Greek bank targets NPLs and under-performing units in recovery plan

(9 June 2017 – Greece) Greece's largest bank by assets, Piraeus Bank says will look to offload its Balkan businesses and reduce its bad loans portfolio.

Outlining the bank’s plans through to 2020, its new chief executive, Christos Megalou told reporters their vision is “to be the most credible bank in Greece.

"Our strategy plan makes sense and is not pie in the sky," Megalou.

"Our goals are demanding but achievable."

Piraeus, which is 26.2 percent owned by Greece's bank rescue fund HFSF, is still struggling with problem loans after a deep recession in Greece pushed unemployment to record highs.

Included in the bank’s sell-off plans are wholly-owned subsidiaries in Bulgaria, Romania, Serbia, Albania and the Ukraine, its 40 percent stake in shipping company Hellenic Seaways and the 33 percent stakes in fish farms Nireus Aquaculture and Selonda.

Piraeus will create a separate division to be known as "Piraeus Legacy Unit," to further clean up its balance sheet.

Piraeus Bank will remain as the "good bank" with risk-weighted assets of €28 billion and a two percent non-performing loans ratio, comprising corporate banking, retail operations and asset management.

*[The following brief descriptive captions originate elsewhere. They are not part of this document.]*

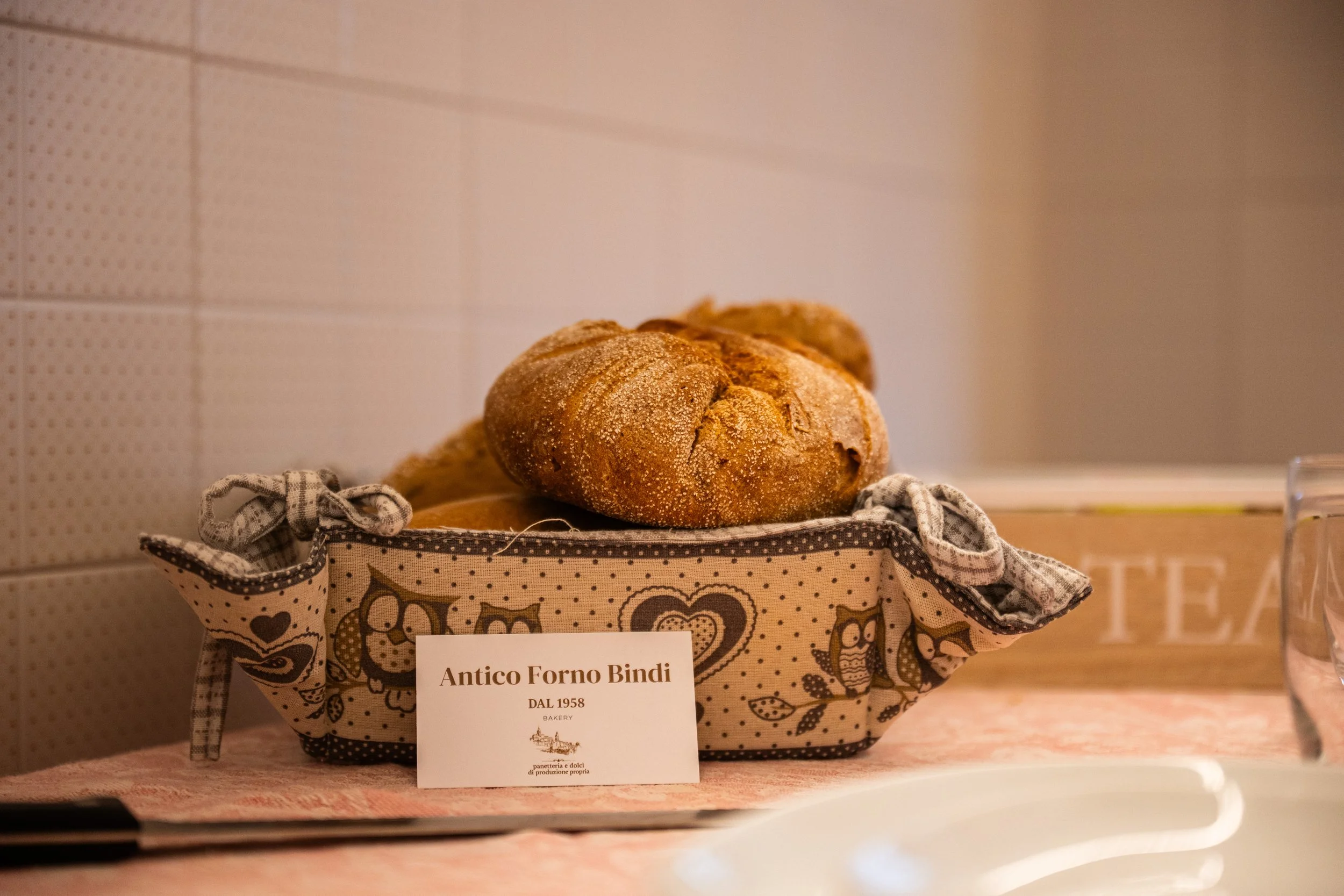 Pane artisanale in una cesta con un cartellino che dice 'Antico Forno Bindi DAL 1958' in una cucina.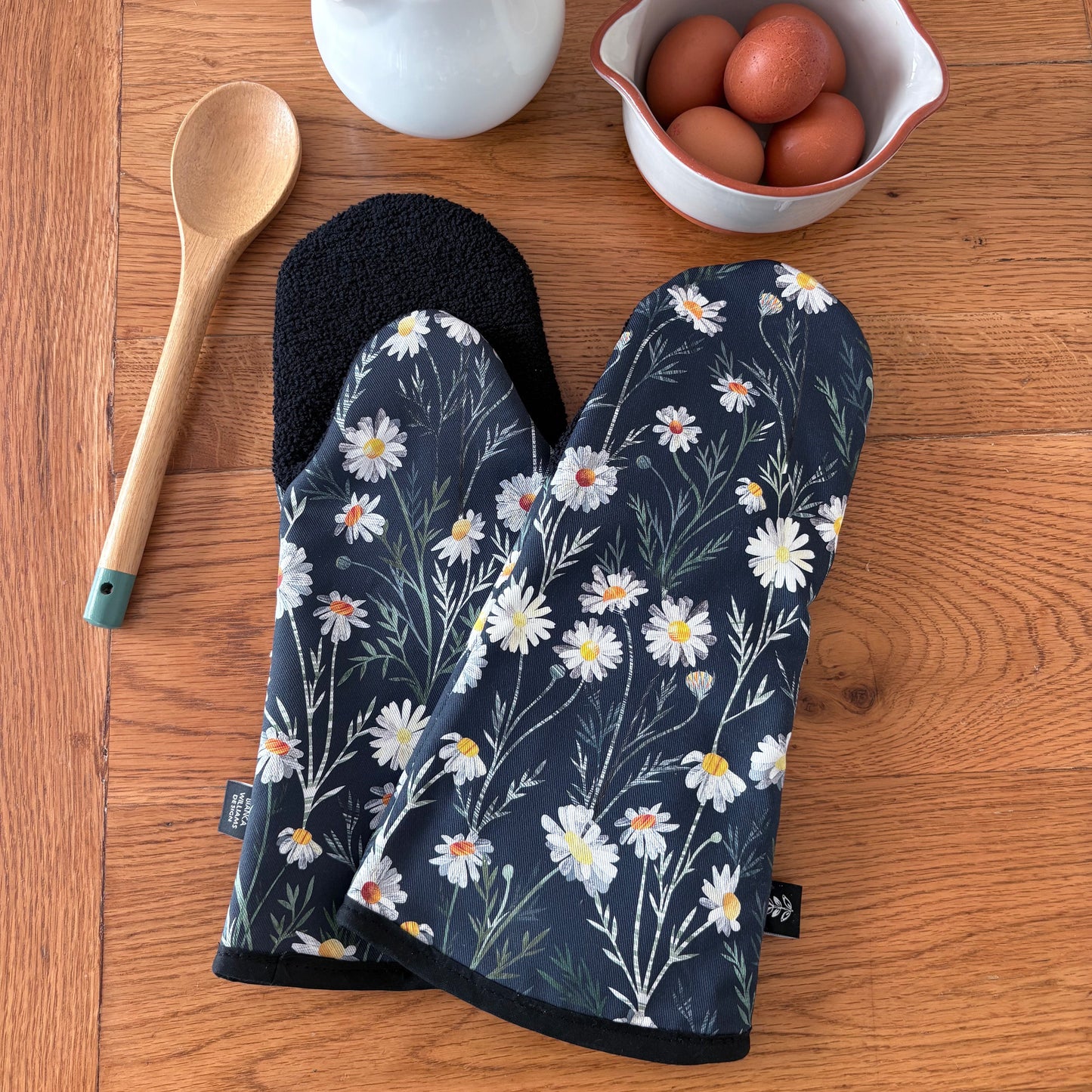 Two Daisy Floral-patterned oven mitts on a wooden surface with a wooden spoon, white pitcher, and bowl of eggs.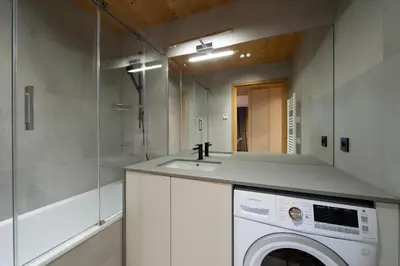 a bathroom with a washing machine and a sink at Appartement de charme au pied des pistes de Cordon in Cordon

It will aim for a 1.1 percent return on assets.

The legacy unit, with risk-weighted assets of €25 billion and a 64 percent non-performing loan ratio, will include international and non-core banking operations earmarked for sale. It will aim to shrink its bad loans via sales and restructuring.

Piraeus will seek to shrink its non-performing exposures to below €20 billion by 2020 from €33.3 billion in the first quarter and its non-performing loans (loans past due more than 90 days), to around €8 billion from 23 billion at end-March.

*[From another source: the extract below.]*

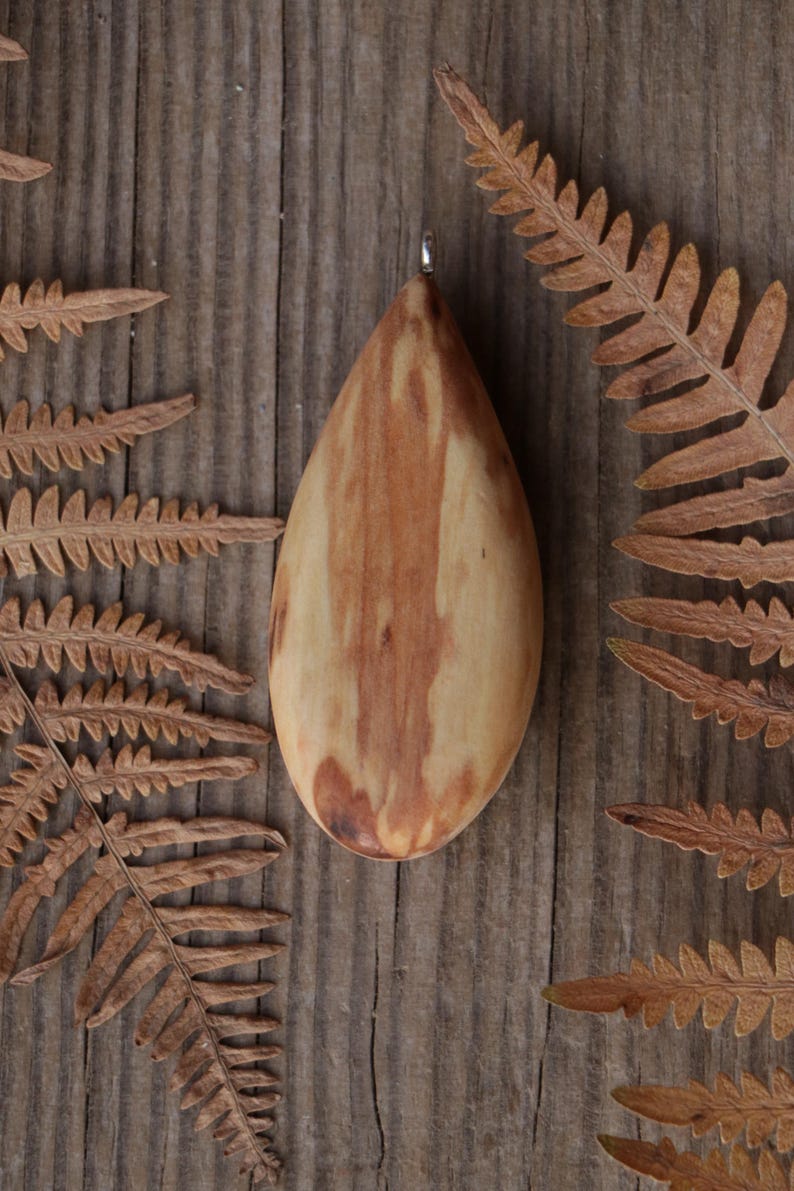 May include: A smooth, teardrop-shaped wooden pendant featuring a natural grain pattern with light tan and reddish-brown streaks. The pendant has a small silver-toned metal bail attached to the top point, allowing it to be suspended as a necklace.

With a market value of €1.8 billion, the group also aims to pay back €2.0 billion of contingent convertible bonds (CoCos) to the HFSF rescue fund by 2020.

"By then we will have generated the cash and capital to fully pay back the bonds," Megalou said.

The group also aims to restore its access to wholesale funding markets and reduce borrowing from the Greek central bank's emergency liquidity assistance (ELA) down to zero by 2020 from €11 billion in 2016.